|Is that a crossbow? or are you just happy to see me?|
As you can tell from the cover (unless you have Down's Syndrome or are otherwise enfeebled), this happens to be a book with a story that is very dear to me; Post Apocalypse (fuck yeah!). Any time I see a book, movie, play, graphic novel, song, old-bum-telling-a-story, whetever about a post-apocalyptic world, I'm in. The idea that there's been some massive, world changing event that fucks humanities shit up so badly that only a small percentage survive is A-Okay in my book.
This one is particularly good due to the total, and instant, failure of technology. Imagine it: No electricity, guns won't fire, cars sit on half-full highways rotting away, man is left to hold itself together with blades, bows, and sheer balls-crunching baddassery. Fuck yes! If that doesn't
gum up your knickers, well, you must be dead inside.
This book is set in America, primarily the pacific northwest, around 35 years after everything went egg-shaped and humanity nutted the fuck up and wiped itself out due to sheer panic and cattle like idiocy. We find a world that's broken up into groups of varying size, all pulling together to remake society in their image. You have The McKenzie clan in southern Oregon, (Renaissance Fair throwbacks who had the skills to get by in a world with no technology).
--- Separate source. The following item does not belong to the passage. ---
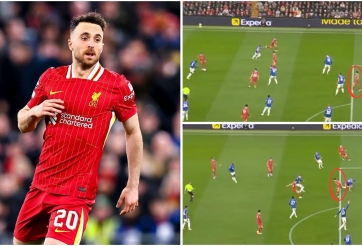 Tại sao bàn thắng của Jota được công nhận dù việt vị?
You have the Bearkiller Tribe just south of them (more hardcore fuckers from the old world). The Central Oregon Rancher's Society (pretentious twats mimicking bloody old England) The United States Of Boise (A bad motherfucking ex-special forces Captain trying to bring back the glory of the U.S. from Idaho). A batshit insane, yet surprisingly powerful cult, who's power base is in Montana. A whole fuckton of Mormons, and a bunch of other fuckers that do some stuff. WAIT! Don't let me forget about the people from northern Oregon! These weirdos were started by some bitch who was nuts for The Lord of the Rings books and made a clan where everybody spoke Elvish, and get this; they're all trained from birth to be the baddest fucking fighters out there.
I'm going to close this out by saying that this shit is bananas. Not even fucking around, ass kickery, bloodshed, copious debauchery, shit's fucking awesome. I'll be reading more of this series as soon as i get the chance.